In other words, without the verbal repertoire that is the foundation for awareness, we simply respond as the current environment and our learning history dictate. Another way of putting it is that without a verbal repertoire, we respond to our environment just as other animals do. Unfortunately, our understanding of the behavior of other species, especially those we’re around all the time such as the family dog, is contaminated by our tendency to assume that they too have an active mental life that plays a significant role in their behavior. Lacking any other way of describing of explaining their behavior, we fail to appreciate the example they provide of how life is lived without awareness.
Only a side effect
It may seem unhelpful to the theme of this post to point out that the lack of a verbal repertoire greatly reduces the temptation to propose mental causes for behavior, given that most of us acquire this capability, but that is actually getting to the point. The verbal community teaches us to attribute a powerful and pervasive causality to our verbal repertoire. Without exploring alternative possibilities, we assume that our verbal behavior is a primary source of control over the behavior of others, as well as over our own behavior. Extending that assumed influence to our private verbal behavior greatly multiplies the opportunities for causal mischief.

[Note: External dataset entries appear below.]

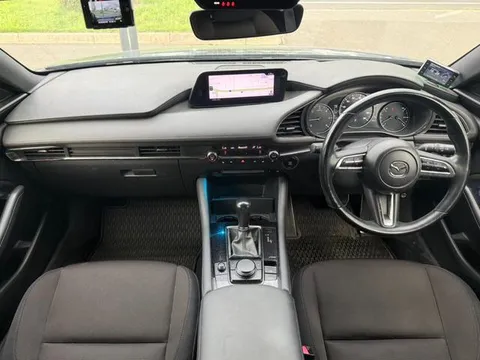 Mazda MAZDA3 Fastback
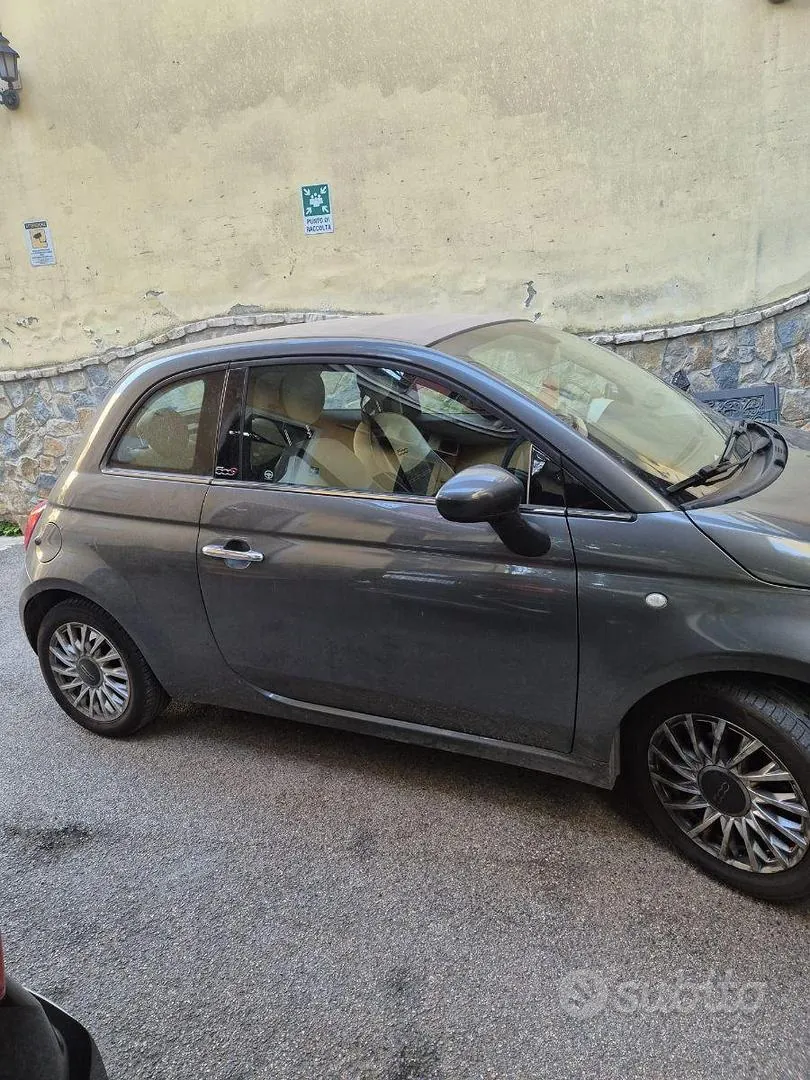Fiat 500 2019 photo 4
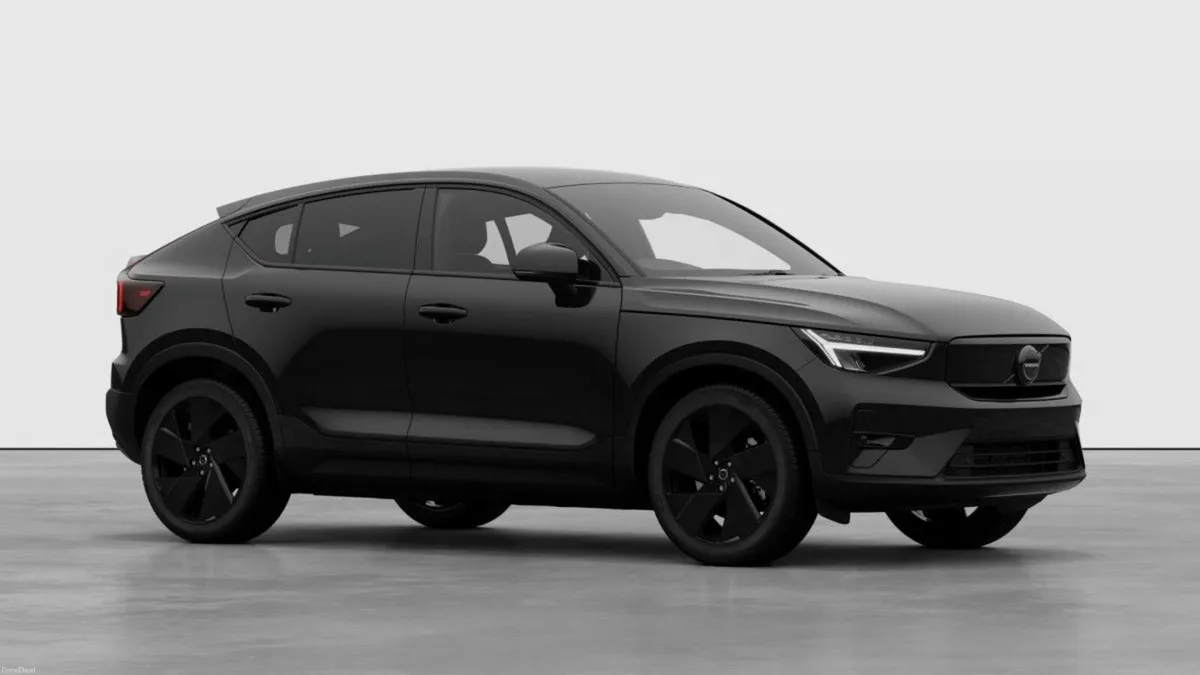 Volvo EC40 PLUS BLACK EDITION *ORDER NOW* €110 P/W - Image 1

Guided by colloquial dialect, it is easy to buy into ways this verbal repertoire might supplement – if not dominate – environmental causes underlying our behavior. The assumed mechanism for that role lies in mental processes of some sort, which are offered as the most important explanations for behavior. If these processes seem not merely familiar but patently obvious, remember that we’ve heard little else all our lives. Absent training in behavior analysis, it’s understandable that we would suppose that the impact of environmental consequences, which we’ve not been taught to notice or appreciate, is surpassed by the ability of mental processes to manage their effects.
Behavior analysts know that our verbal repertoire is fully learned. In contrast, our cultural training is inconsistent on this point, although it is at least clear in assigning verbal behavior a key role in our mental life. However, this mental domain is entirely the creation of our everyday verbal repertoire. Without this repertoire, there would be no basis for attributing so much of our behavior to mental processes. In fact, that mental domain is not a distinct physical phenomenon, in spite of attempts to redefine it in terms of neurological activity in the brain. It is not available to other species and is not even a meaningful concept for humans who for whatever reason have not learned a verbal repertoire. The assumed existence and utility of mentalism in any form depends entirely on having learned to talk. Mentalism is only a side effect of that training history and a misleading distraction at that.
References
Johnston, J. M. (2014, December 18). The mind’s eye and the voice in our head.
Johnston, J. M. (2014, May 14). What is remembering and why don’t we remember when we were toddlers?
Johnston, J. M. (2017, February 7). How good are you at recognizing mentalism?